In their raw form, of course, SGML documents employ only the "lower 128" characters in the American Standard Code for Information Exchange (ASCII) set. In the American Memory implementation of TEI SGML, for example, the letter é is coded as é (called the entity reference), consistent with the rendering outlined in ISO 8879-1986.
But the SGML declaration associated with the American Memory TEI implementation states that we comply with ISO 646-1983, in which é is character number 130 (hexadecimal 8A).
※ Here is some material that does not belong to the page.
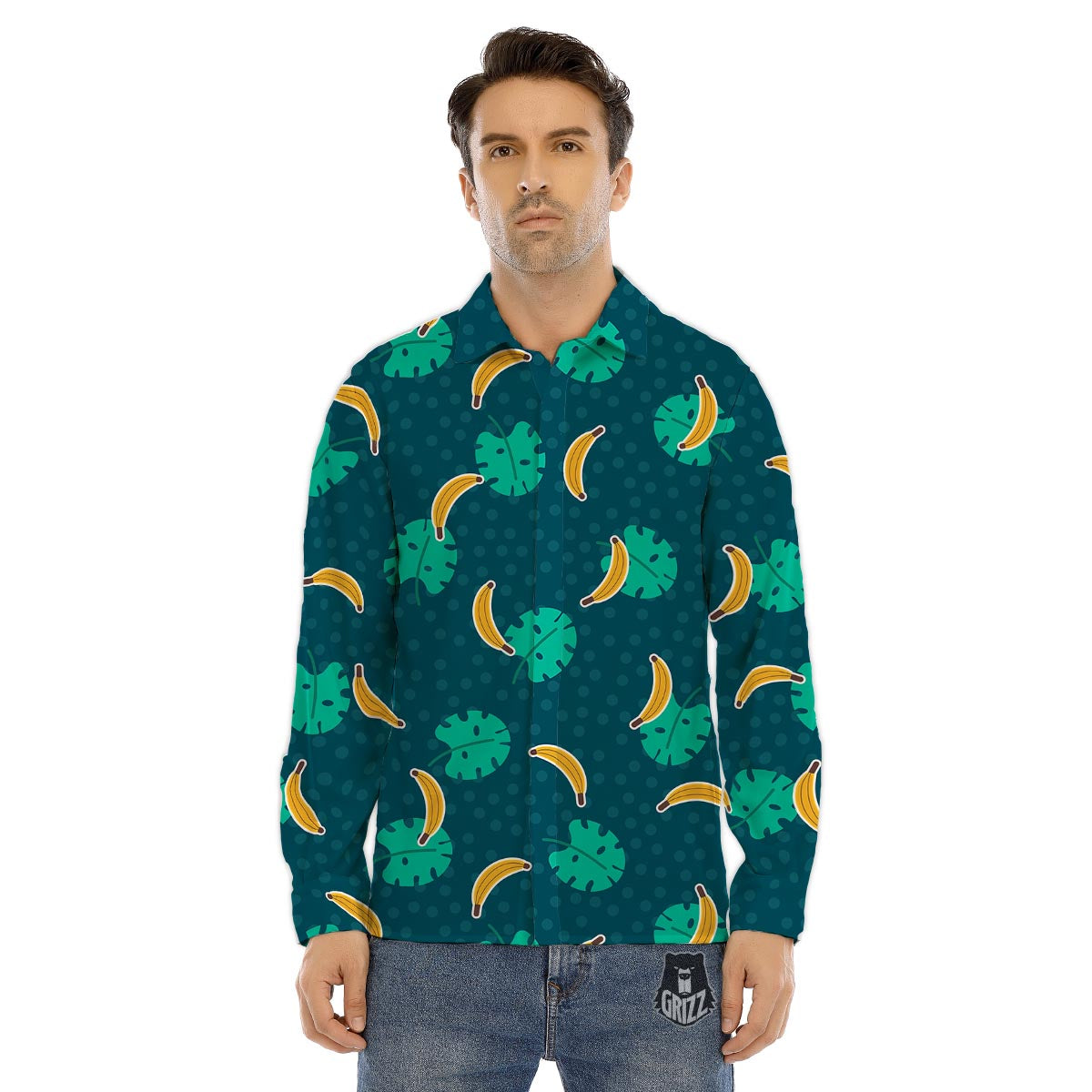Beard Santa Claus Print Pattern Men's Dress Shirts-grizzshop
In contrast, ALA USMARC provides the diacritic ' (character 226, hexadecimal E2) followed by the letter e (character 101, hexadecimal 65).
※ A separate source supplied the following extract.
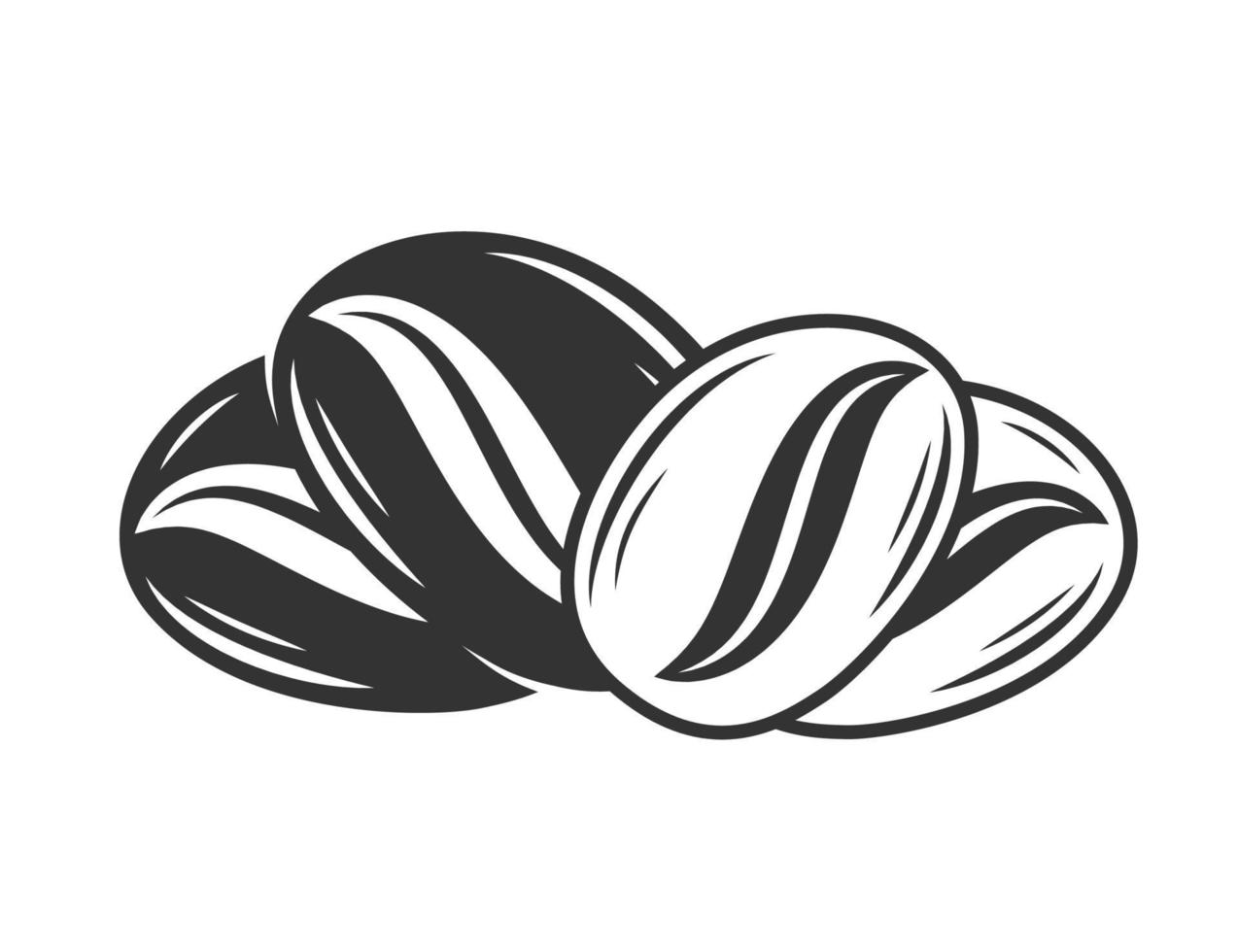 Silhouette of coffee beans vector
Why did we declare our preference for ISO 646-1983? We were told that the software used by contractors for optical character recognition, rekeying, and/or markup are generally oriented to this standard, as is the typical type SGML display software. It would be cumbersome to require contractors or software producers to use the ALA character set.
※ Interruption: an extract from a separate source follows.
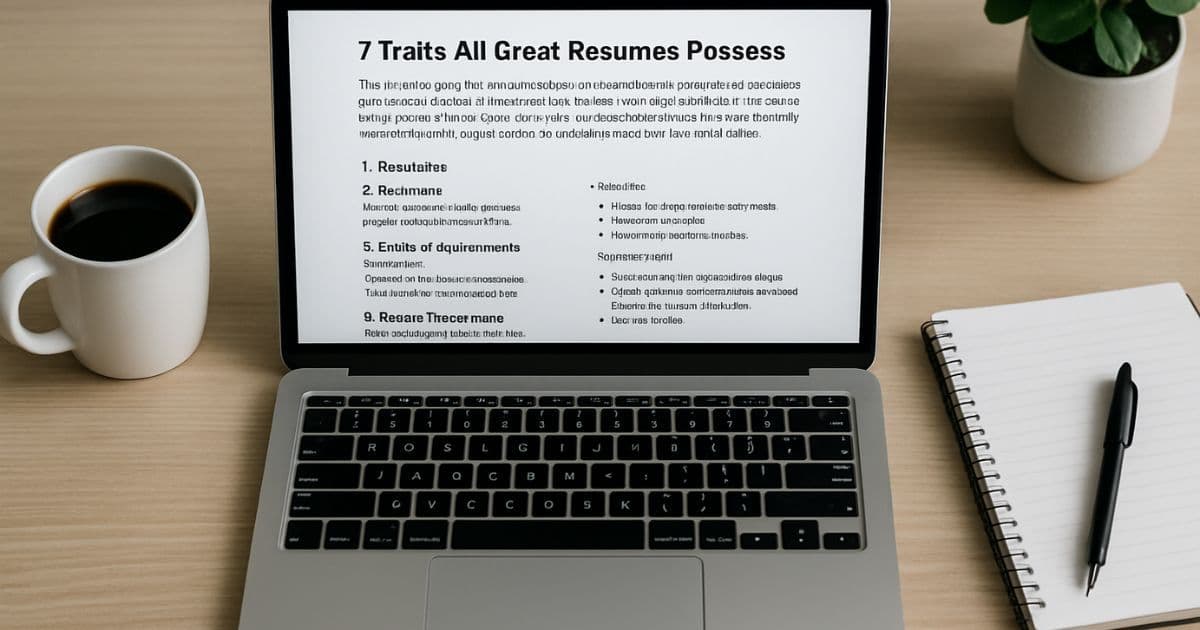 Professional resume displaying seven key traits including clarity, relevance, and ATS compatibility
The disjunct between the SGML and ALA character sets, however, means that post-processing may be needed before a bibliographic record for an item and the searchable text for that item can be displayed on single computer monitor or output to a printer. During the American Memory pilot, we reprocessed data when collections were loaded into our CD-ROM retrieval systems. Our pilot- period efforts also revealed character-set conflict when we extracted the 245 title field from a bibliographic record for use in the TEI header (see figure 6 above). If the title in the MARC record included a diacritic, we would have to convert it to the entity reference before placing the extracted title expression into the header.
The alternative to post-processing would be to develop end-user tools capable of correctly displaying and printing two or more character sets. But it is fair to say this option would be just as challenging as post-processing.
I regret ending my report on what may seem to be a blue note. In fact, it has been extremely interesting to participate in the development of digital collections for the Library of Congress and the rocks in our road have been no more numerous than one would expect. My Library of Congress colleagues and I look forward to continuing the effort! Thank you.